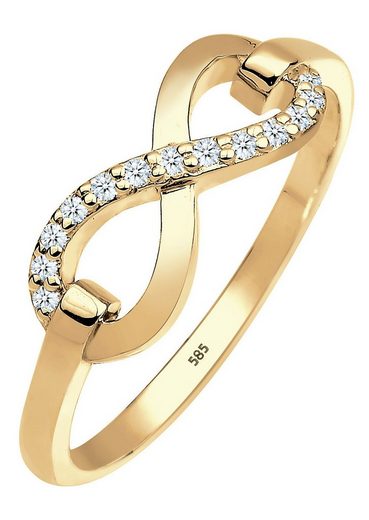 Elli DIAMONDS Diamantring »Infinity - Unendlichkeitsschleife, 0603822714«, mit funkelnden Brillanten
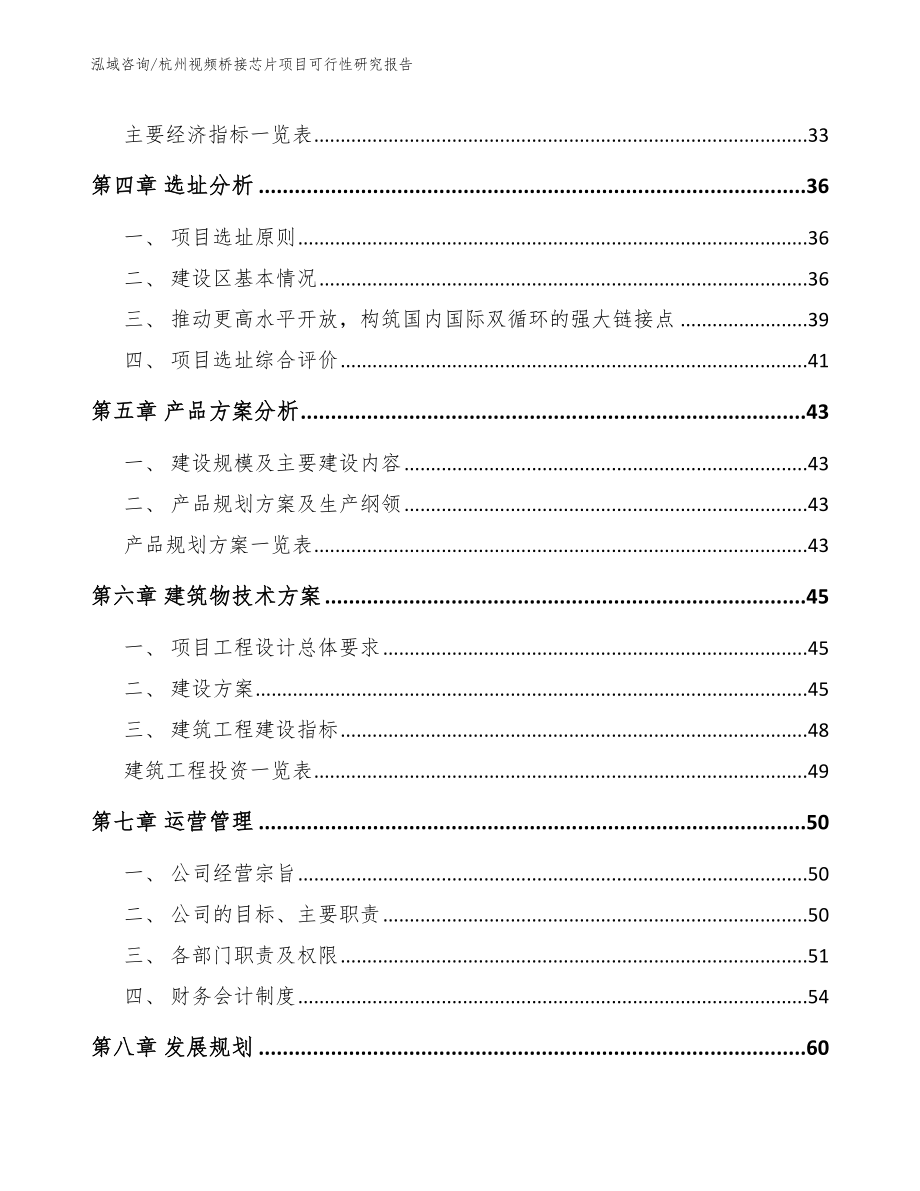 杭州视频桥接芯片项目可行性研究报告（参考模板）_第3页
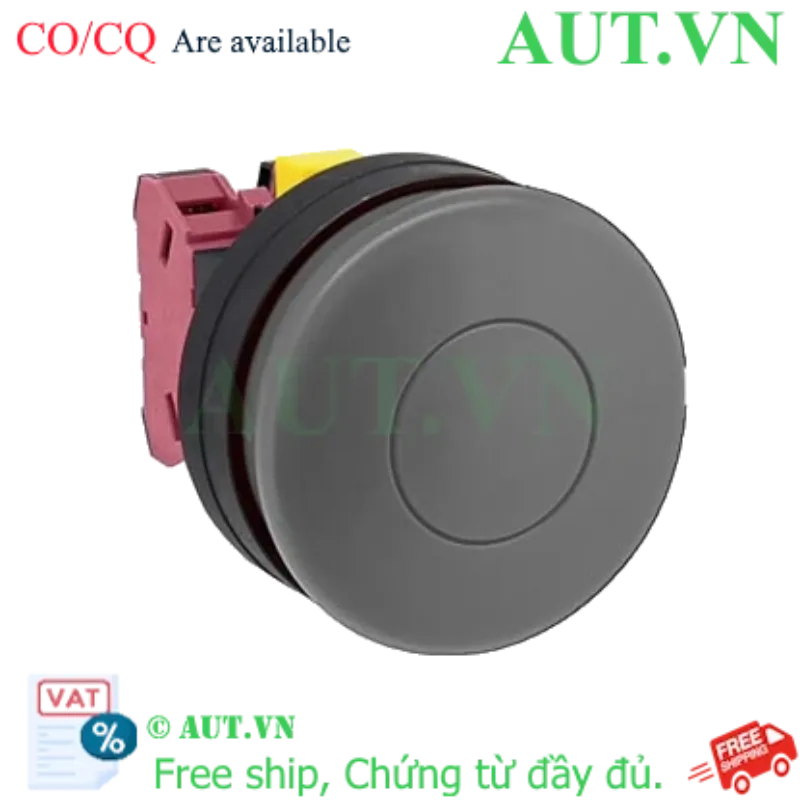 Ảnh của Nút nhấn nhả không đèn IDEC HW1B-M520B D22 2NO (Đen)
────────────────────────────────────────
Copy out all the data exactly. No images belong in the copy.

 Elli DIAMONDS Diamantring »Infinity - Unendlichkeitsschleife, 0603822714«, mit funkelnden Brillanten
 杭州视频桥接芯片项目可行性研究报告（参考模板）_第3页
 Ảnh của Nút nhấn nhả không đèn IDEC HW1B-M520B D22 2NO (Đen)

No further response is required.